Fund Offers Small Businesses $87.7 Million in Financing

Encouraged by federal authorities and international organizations but hampered by a lack of collateral, Russian banks are gradually wading into the practice of offering small business loans.

Vyacheslav Prokhorov, head of the state committee for support and development of small business, told a press conference Friday that the Federal Fund for Small Business has 500 billion rubles ($87.7 million) in loans ready for dispersal to entrepreneurs, much of the money to be channelled through provincial banks.

But the fund and the banks need guarantees that the money will be returned.

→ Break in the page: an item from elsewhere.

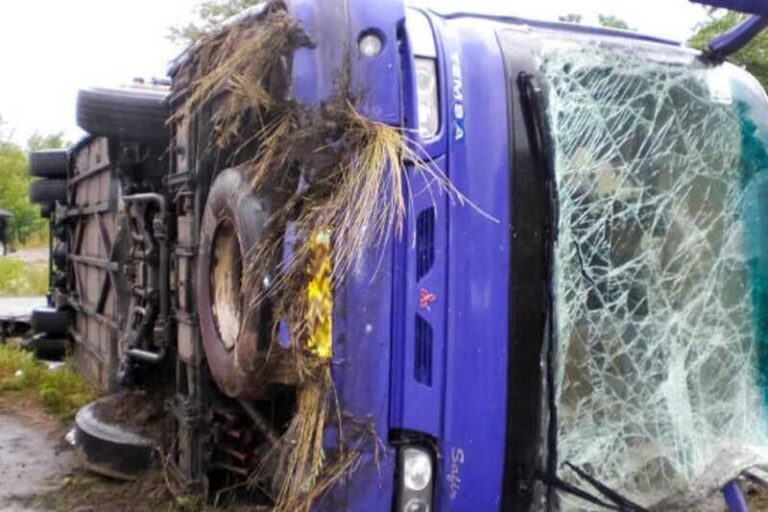 STRAVIČNA NESREĆA: U sudaru autobusa poginulo 10, a povrijeđeno preko 30 osoba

"Problem number one for small businesses isn't the lack of money at modest rates of interest, but guarantees for loans," Prokhorov said. "Problem number two is the failure of small businessmen to draw up proper business plans."

According to Andrey Orlov, deputy head of the committee, money from the federal fund is lent at annual interest rates no higher than 20 percent for periods of up to two years.

Acting as an incubator, the fund encourages banks to lend 3 to 4 rubles for every ruble supplied by the fund, Orlov said, a difficult task given that Russian legislation does not allow land as security and aspiring businessmen often lack other forms of collateral.

The European Bank for Reconstruction and Development and the Group of Seven leading industrialized nations are using Russian banks as a conduit for a $300-million small-businesses fund.

To date, the fund has loaned about $90 million to traders and producers in 11 cities throughout Russia, according to Martin Holtmann, head of the technical team for the credit in Moscow.

Holtmann refuted Prokhorov's contention that small businesses are a security risk, noting that his fund has a less than a 1 percent default rate.

"We want to prove to Russian banks that you can loan this money to people and they will pay it back," he said.